Lalu scroll ke bawah hingga akhirnya kamu menemukan HA Proxy Settings. Fyi saja, di bawah ini adalah settingan yang saya apply untuk kebutuhan saya sendiri. Untuk mengaktifkan, jangan lupa untuk ceklis pada kolom “Enable HAProxy”.

Penjelasan Rules HA Proxy
Oke, jadi ada beberapa menu dalam HA Proxy.
- HAProxy Blocked Ports
Ini adalah daftar port yang di blokir, artinya yang tidak dapat digunakan oleh guest vm lain. Biasanya saya disable beberapa port penting seperti port SMTP, IMAP, POP, dsb. - HAProxy Reserved ports
Ini adalah port yang disediakan oleh HTTP. Biasanya saya selalu isi 80 dan 443. - HAProxy Allowed ports
Kemudian pada menu ini adalah list port yang bisa digunakan oleh guest vm, bisa digunakan pada TCP dan HTTP. Nah di sini saya allow 80 dan 443, serta range open port yang bisa digunakan guest vm.

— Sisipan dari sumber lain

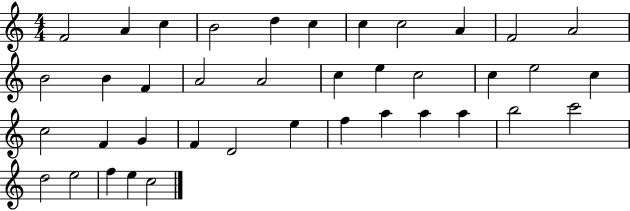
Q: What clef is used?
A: treble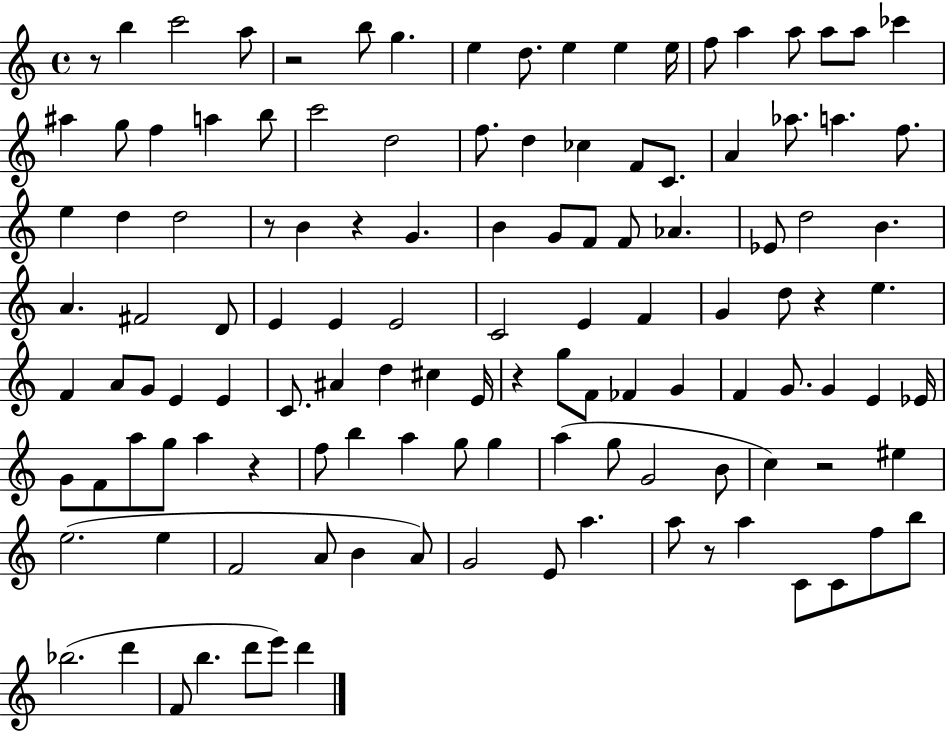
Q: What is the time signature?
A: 4/4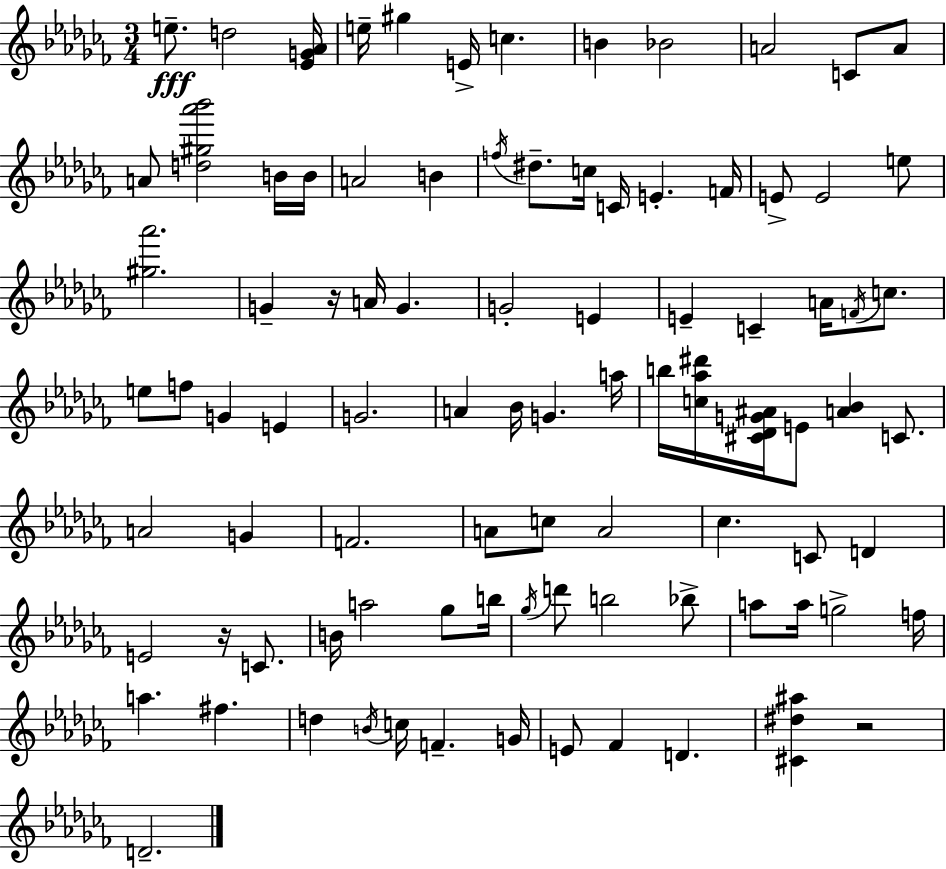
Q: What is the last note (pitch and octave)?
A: D4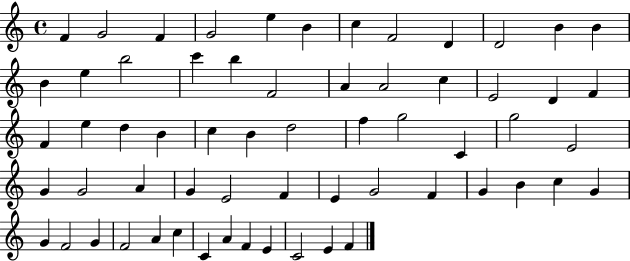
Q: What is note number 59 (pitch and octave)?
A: E4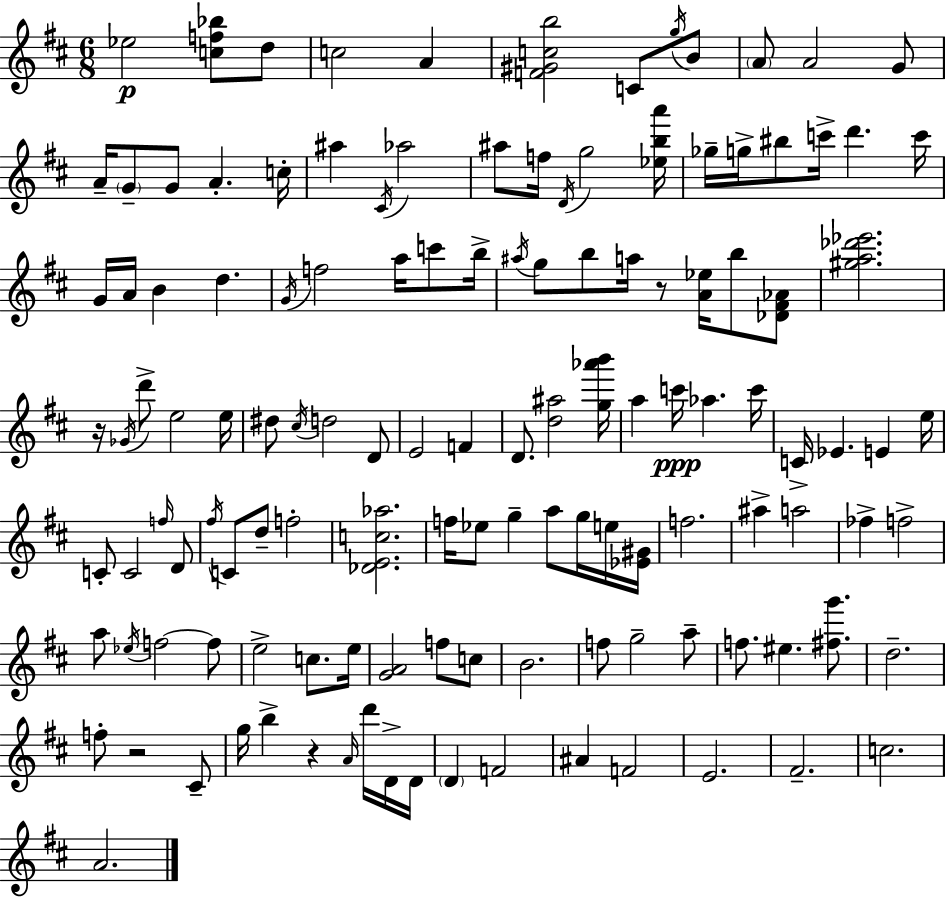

Kemudian kita aktifkan juga pada slave settings. Sebenarnya master dan slave tergantung settingan pada Virtualizor yang kamu gunakan. Apakah kamu menggunakan centralised host node atau menggunakan beberapa hostnode. Ini tergantung kebutuhan.

Kurang lebih pada settingan Slave Setting sama seperti Master setting.
Begitulah cara setting HAProxy pada Virtualizor. Semoga membantu.